How do booleans work?

I’m a little confused as to how booleans work in Rails. Which is
better in the database? boolean or int(1)? True == 1 and False == 0,
right? Using SQLite, I tried to set a value to true inside the
database but it gave me an error. MySql didn’t, so I had to switch to
int(1) for it to work. Is this just how it is?

Mike Chai wrote:

I’m a little confused as to how booleans work in Rails. Which is
better in the database? boolean or int(1)? True == 1 and False == 0,
right? Using SQLite, I tried to set a value to true inside the
database but it gave me an error. MySql didn’t, so I had to switch to
int(1) for it to work. Is this just how it is?

No. True == anything other than nil or false
False == False

DBMS have their own specific ways of handling booleans.
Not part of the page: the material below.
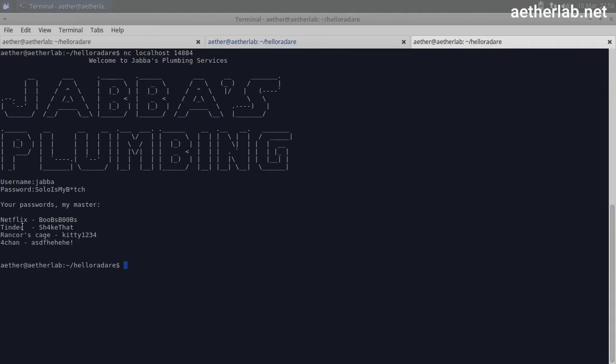But, you know, if you start looking at it, Netflix, Tinder, shake that, Rancor's cage, kitty1234, fortune. You know, even though we reached our goal to crack this application and see what's stored there, it doesn't really seem to be helping out the rebellion.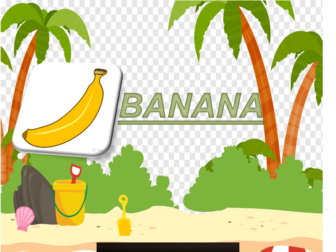Now, how to write the word banana? B-A-N-A-N-A, banana. Again, children. B-A-N-A-N-A, banana.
The DBMS
adapter handles converting that to a Ruby form.

What Mike is hinting at is the way ActiveRecord abstracts database
differences. MySQL and SQLite3 probably use different column types but
this will appear transparent to the developer as ActiveRecord handles
serializing and de-serializing the column data into Ruby objects.

I am not a DBA, and I’m sure it varies from DB vendor to vendor, but I
would have to assume that the ActiveRecord Developers chose the most
appropriate column format (int(1) vs boolean) for each supported
database.

On Jan 4, 7:01 pm, James B. [email protected]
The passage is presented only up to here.